(Your goal) Only the lines from the beginning of the data below through the line containing "Koziol sada škrabek" belong in the response, each copied exactly.

(Data supplied)
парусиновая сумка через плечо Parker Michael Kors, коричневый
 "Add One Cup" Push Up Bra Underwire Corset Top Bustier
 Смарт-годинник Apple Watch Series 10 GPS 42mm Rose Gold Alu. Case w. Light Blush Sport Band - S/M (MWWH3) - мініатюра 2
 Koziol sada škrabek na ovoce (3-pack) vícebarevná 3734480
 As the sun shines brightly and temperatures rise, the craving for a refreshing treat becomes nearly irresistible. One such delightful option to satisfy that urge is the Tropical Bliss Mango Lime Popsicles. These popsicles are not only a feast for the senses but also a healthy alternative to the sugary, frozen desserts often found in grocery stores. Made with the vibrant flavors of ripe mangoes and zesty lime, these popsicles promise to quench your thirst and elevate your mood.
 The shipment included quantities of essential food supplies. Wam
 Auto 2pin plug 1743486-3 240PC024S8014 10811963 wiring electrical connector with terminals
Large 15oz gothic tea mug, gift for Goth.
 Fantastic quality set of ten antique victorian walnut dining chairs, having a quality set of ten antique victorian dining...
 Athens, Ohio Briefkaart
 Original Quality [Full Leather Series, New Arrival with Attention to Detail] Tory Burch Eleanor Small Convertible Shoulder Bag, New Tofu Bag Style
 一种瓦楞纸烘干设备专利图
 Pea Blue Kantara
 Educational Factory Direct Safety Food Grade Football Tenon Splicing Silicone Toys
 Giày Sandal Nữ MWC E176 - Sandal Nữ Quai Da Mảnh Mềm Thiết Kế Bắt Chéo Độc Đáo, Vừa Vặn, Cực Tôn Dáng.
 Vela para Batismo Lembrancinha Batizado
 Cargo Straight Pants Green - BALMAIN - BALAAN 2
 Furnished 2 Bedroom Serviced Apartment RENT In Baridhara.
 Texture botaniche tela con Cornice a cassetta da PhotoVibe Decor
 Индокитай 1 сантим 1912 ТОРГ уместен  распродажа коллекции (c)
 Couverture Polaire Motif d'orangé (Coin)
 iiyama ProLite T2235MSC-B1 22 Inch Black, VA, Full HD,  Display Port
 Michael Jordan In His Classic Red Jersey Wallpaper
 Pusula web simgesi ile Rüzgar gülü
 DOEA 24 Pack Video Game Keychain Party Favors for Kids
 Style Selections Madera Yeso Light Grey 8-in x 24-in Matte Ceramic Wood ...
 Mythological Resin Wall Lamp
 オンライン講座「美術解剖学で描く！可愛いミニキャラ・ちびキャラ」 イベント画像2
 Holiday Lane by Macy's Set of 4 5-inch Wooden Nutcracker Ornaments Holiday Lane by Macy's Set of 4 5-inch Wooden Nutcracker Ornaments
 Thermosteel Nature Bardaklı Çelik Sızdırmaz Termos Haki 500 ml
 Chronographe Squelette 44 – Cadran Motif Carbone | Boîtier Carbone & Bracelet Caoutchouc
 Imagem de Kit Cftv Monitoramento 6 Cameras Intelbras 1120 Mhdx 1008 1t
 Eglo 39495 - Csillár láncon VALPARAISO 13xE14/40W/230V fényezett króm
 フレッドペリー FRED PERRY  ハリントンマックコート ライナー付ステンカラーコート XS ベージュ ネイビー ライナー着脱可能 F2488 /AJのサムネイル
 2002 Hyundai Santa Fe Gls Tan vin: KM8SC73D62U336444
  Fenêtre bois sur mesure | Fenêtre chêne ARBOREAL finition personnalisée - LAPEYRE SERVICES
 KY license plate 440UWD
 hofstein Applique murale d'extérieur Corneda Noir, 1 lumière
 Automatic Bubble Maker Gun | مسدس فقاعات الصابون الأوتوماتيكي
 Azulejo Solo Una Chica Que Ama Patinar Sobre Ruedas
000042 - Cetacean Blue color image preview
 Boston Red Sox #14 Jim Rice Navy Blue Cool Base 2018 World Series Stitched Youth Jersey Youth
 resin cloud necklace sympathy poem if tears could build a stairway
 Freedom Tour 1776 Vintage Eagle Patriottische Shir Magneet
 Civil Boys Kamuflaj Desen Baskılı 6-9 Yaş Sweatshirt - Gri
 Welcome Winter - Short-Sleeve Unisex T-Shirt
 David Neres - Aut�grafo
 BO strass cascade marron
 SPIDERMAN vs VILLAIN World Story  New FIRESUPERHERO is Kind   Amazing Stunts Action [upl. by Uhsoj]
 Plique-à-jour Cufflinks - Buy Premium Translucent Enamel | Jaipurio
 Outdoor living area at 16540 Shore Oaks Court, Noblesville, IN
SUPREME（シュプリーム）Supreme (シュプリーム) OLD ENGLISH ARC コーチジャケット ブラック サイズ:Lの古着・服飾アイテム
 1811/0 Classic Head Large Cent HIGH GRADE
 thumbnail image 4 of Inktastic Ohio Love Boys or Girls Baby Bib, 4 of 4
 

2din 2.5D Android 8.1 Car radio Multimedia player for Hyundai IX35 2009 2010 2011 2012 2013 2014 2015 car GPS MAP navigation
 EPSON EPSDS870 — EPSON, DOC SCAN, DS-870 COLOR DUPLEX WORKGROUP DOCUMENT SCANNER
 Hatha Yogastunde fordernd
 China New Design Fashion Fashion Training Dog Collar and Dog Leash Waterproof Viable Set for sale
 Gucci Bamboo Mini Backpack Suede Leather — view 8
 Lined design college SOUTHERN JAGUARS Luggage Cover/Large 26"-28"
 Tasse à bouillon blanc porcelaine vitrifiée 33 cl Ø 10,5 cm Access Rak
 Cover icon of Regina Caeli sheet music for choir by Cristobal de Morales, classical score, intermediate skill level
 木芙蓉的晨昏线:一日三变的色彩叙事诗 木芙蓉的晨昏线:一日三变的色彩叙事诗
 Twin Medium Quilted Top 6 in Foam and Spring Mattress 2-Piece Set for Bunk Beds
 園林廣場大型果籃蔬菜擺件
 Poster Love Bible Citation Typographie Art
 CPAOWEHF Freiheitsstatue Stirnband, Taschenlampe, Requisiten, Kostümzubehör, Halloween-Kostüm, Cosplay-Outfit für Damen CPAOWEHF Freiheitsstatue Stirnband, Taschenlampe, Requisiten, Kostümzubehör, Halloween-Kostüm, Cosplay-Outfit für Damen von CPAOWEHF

(Exercise output)
парусиновая сумка через плечо Parker Michael Kors, коричневый
 "Add One Cup" Push Up Bra Underwire Corset Top Bustier
 Смарт-годинник Apple Watch Series 10 GPS 42mm Rose Gold Alu. Case w. Light Blush Sport Band - S/M (MWWH3) - мініатюра 2
 Koziol sada škrabek na ovoce (3-pack) vícebarevná 3734480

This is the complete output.